INFORMATION SHOWN section start
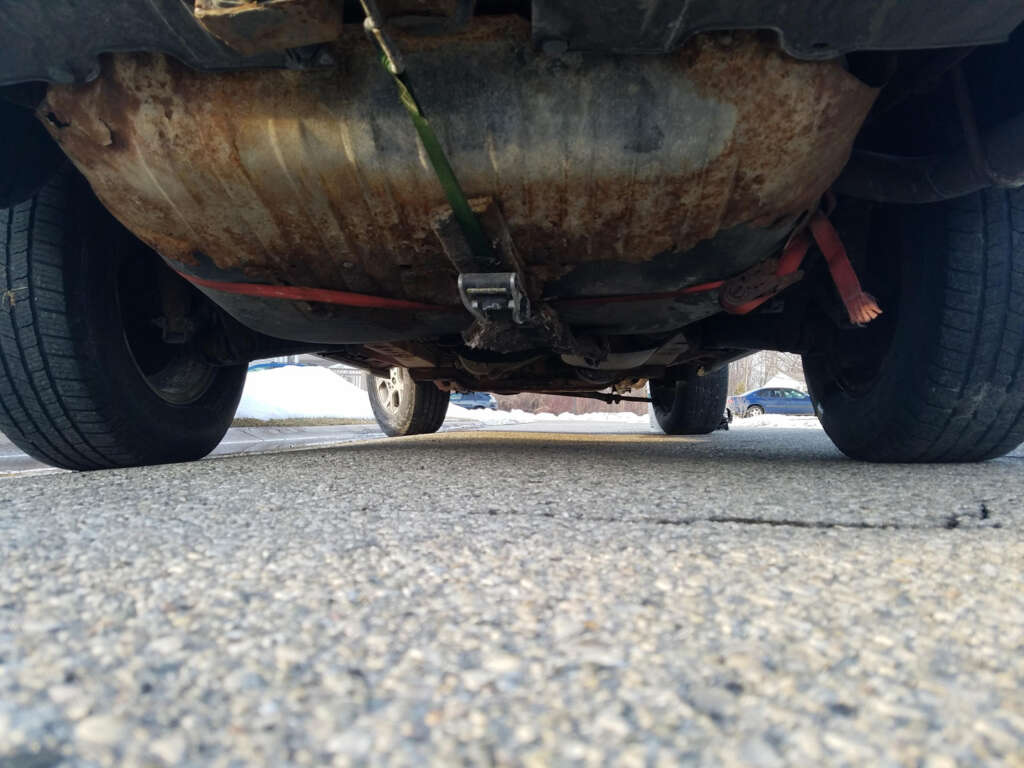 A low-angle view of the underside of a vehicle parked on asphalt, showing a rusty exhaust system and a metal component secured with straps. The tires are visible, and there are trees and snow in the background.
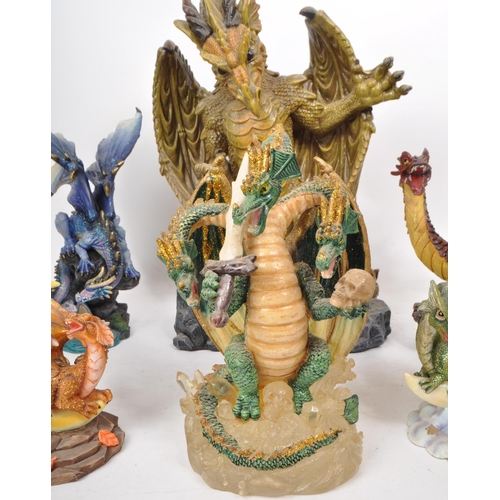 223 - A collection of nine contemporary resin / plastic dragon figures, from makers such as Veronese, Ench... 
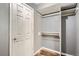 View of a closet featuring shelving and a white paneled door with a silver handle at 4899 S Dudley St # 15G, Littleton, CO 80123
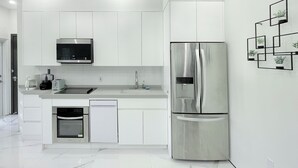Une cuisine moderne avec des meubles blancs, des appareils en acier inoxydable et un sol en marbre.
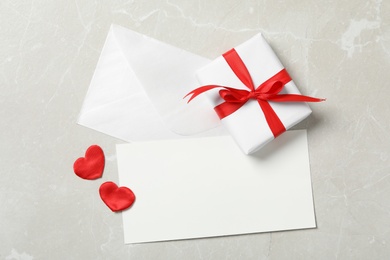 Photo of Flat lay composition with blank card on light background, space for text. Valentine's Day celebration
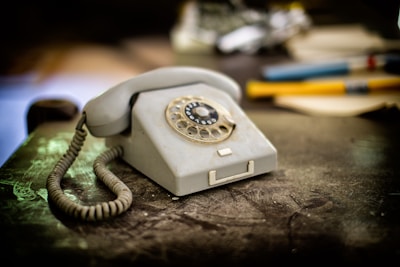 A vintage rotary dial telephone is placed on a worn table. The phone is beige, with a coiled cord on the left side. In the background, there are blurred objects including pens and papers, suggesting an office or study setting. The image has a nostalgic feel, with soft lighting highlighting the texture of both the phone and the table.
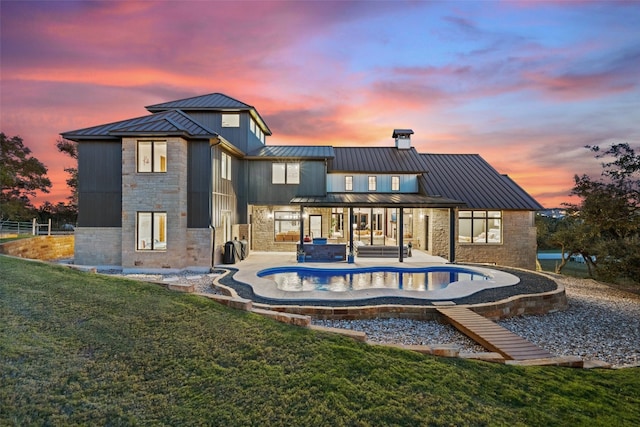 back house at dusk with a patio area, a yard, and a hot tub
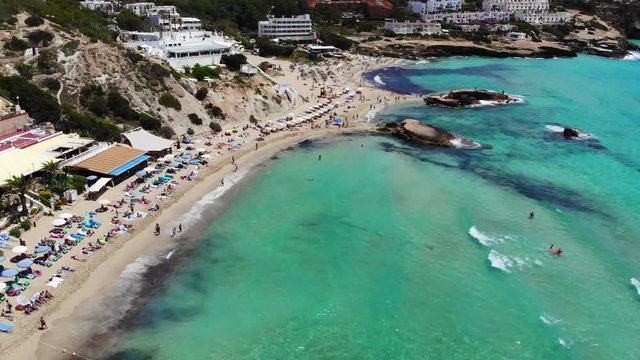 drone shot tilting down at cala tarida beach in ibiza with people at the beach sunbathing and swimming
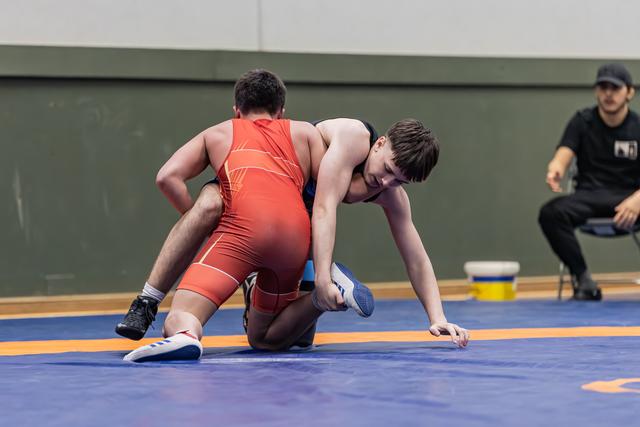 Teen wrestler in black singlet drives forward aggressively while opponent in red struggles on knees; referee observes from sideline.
INFORMATION SHOWN section end
INFORMATION SHOWN section start
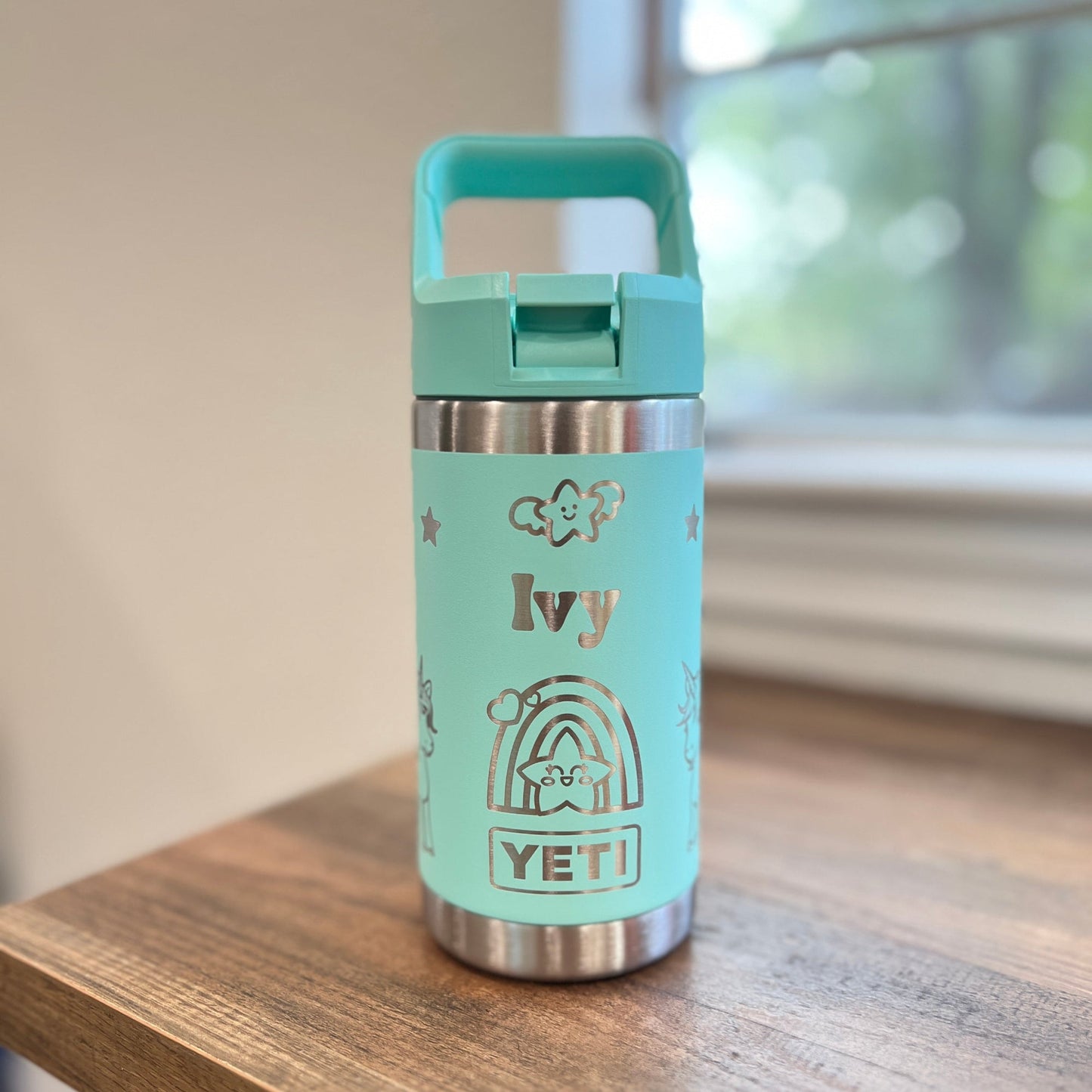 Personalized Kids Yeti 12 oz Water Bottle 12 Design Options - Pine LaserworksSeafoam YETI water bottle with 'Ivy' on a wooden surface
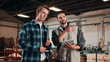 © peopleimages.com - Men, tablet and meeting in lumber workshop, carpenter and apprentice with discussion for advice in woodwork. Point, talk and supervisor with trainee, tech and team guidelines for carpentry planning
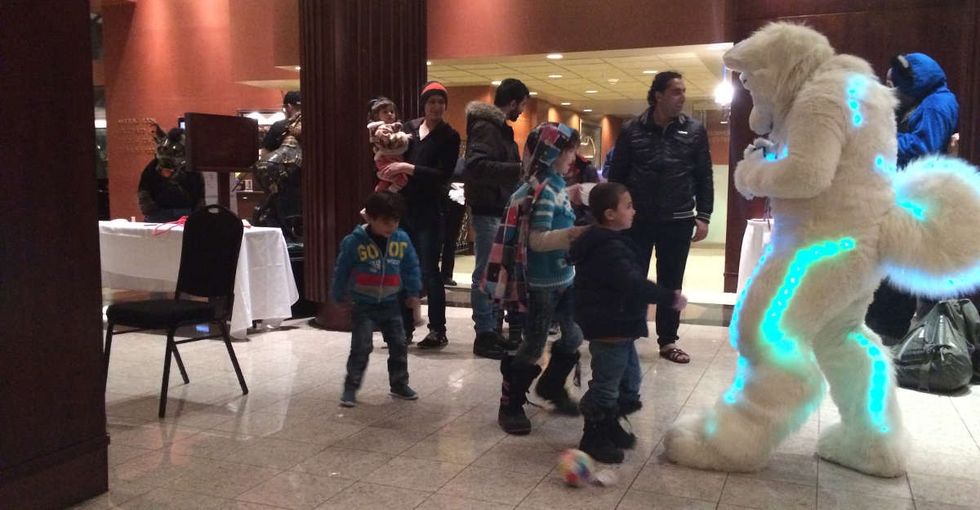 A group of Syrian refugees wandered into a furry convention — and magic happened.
INFORMATION SHOWN section end
Reproduce the entries exactly, from the line with "Photo of Flat" to the line with "drone shot tilting", both lines included, keeping no pictures.

 Photo of Flat lay composition with blank card on light background, space for text. Valentine's Day celebration
 A vintage rotary dial telephone is placed on a worn table. The phone is beige, with a coiled cord on the left side. In the background, there are blurred objects including pens and papers, suggesting an office or study setting. The image has a nostalgic feel, with soft lighting highlighting the texture of both the phone and the table.
 back house at dusk with a patio area, a yard, and a hot tub
 drone shot tilting down at cala tarida beach in ibiza with people at the beach sunbathing and swimming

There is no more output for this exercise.